Irish prices 18pc above EU average
Irish prices for food, drink and tobacco, were 18 per cent above the EU average in 2012, according to data published this week by the Central Statistics Office (CSO).
In 2012, the price level of the same basket of food and non-alcoholic beverages was more than twice as high in the most expensive in Europen than in the cheapest one.
Denmark had the highest price level for food and non-alcoholic beverages across Europe in 2012, followed by Sweden, Austria, Finland, Ireland and Luxembourg. The lowest price levels were observed in Poland, Romania, Bulgaria and Lithuania.
The price levels for alcoholic beverages ranged from one to more than two and a half. The lowest price levels for alcoholic beverages were registered in Bulgaria and Romania, and the highest in Finland and Ireland.
For tobacco, the price levels were almost four times higher in the most expensive member state than in the cheapest. The lowest price levels were observed in Hungary and the highest in Ireland.

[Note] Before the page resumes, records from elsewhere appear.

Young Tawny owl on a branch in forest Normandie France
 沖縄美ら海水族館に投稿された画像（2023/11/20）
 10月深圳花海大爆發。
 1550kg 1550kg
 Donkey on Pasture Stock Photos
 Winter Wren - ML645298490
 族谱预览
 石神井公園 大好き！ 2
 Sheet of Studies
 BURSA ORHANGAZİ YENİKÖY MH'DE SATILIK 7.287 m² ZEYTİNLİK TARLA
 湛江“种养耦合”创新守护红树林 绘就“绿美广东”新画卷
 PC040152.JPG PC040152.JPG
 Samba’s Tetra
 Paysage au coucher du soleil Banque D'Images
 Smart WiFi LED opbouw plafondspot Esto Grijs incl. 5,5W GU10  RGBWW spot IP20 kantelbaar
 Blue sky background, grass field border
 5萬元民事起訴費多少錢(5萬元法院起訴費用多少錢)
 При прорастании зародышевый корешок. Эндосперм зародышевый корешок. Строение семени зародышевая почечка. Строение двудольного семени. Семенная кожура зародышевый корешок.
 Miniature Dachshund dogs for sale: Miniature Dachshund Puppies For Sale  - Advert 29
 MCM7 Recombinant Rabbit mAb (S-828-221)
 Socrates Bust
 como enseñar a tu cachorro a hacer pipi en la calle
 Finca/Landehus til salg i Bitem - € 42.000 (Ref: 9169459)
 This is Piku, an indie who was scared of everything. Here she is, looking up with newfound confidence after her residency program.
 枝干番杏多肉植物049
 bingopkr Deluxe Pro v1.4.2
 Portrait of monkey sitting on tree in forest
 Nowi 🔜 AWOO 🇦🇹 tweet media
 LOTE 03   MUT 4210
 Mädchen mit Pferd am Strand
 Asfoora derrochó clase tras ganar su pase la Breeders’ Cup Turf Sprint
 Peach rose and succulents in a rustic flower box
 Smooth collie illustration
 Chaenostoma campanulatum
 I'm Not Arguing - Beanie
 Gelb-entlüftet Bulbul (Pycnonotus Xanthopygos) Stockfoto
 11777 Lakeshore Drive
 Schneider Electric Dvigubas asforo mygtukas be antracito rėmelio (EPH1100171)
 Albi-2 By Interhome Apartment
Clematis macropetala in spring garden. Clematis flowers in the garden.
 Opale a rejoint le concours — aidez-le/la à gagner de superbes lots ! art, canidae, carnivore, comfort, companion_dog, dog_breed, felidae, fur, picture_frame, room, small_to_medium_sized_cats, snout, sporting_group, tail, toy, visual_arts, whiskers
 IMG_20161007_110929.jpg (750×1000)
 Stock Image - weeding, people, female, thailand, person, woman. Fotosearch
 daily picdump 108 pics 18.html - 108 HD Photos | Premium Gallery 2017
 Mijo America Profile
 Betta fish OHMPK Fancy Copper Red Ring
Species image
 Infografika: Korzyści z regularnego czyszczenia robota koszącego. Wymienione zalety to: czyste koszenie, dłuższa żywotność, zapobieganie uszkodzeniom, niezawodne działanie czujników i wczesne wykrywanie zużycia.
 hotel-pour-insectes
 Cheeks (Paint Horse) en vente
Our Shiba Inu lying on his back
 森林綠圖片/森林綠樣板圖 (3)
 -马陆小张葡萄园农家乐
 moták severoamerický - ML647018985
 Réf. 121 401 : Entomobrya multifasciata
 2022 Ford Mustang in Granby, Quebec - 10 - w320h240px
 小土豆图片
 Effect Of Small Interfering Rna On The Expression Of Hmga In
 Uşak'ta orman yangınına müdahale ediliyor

These are some of the results of the most recent survey on food, beverages and tobacco, carried out in 2012 within the Eurostat-OECD Purchasing Power Parities Programme. The survey covered approximately 500 items. A total of 37 countries participated in the survey.
Ireland’s price levels for all seven of the main categories of food, beverages and tobacco were above the EU average in 2012.
The level of difference ranged from 10 per cent above the average for meat and bread and cereals to nearly double the average in the case of tobacco.
For the remaining categories price levels in Ireland were higher than the EU average by 62 per cent in the case of alcohol, 38 per cent for fruit, vegetables and potatoes, 31 per cent for non-alcoholic beverages and 19 per cent for milk, cheese and eggs.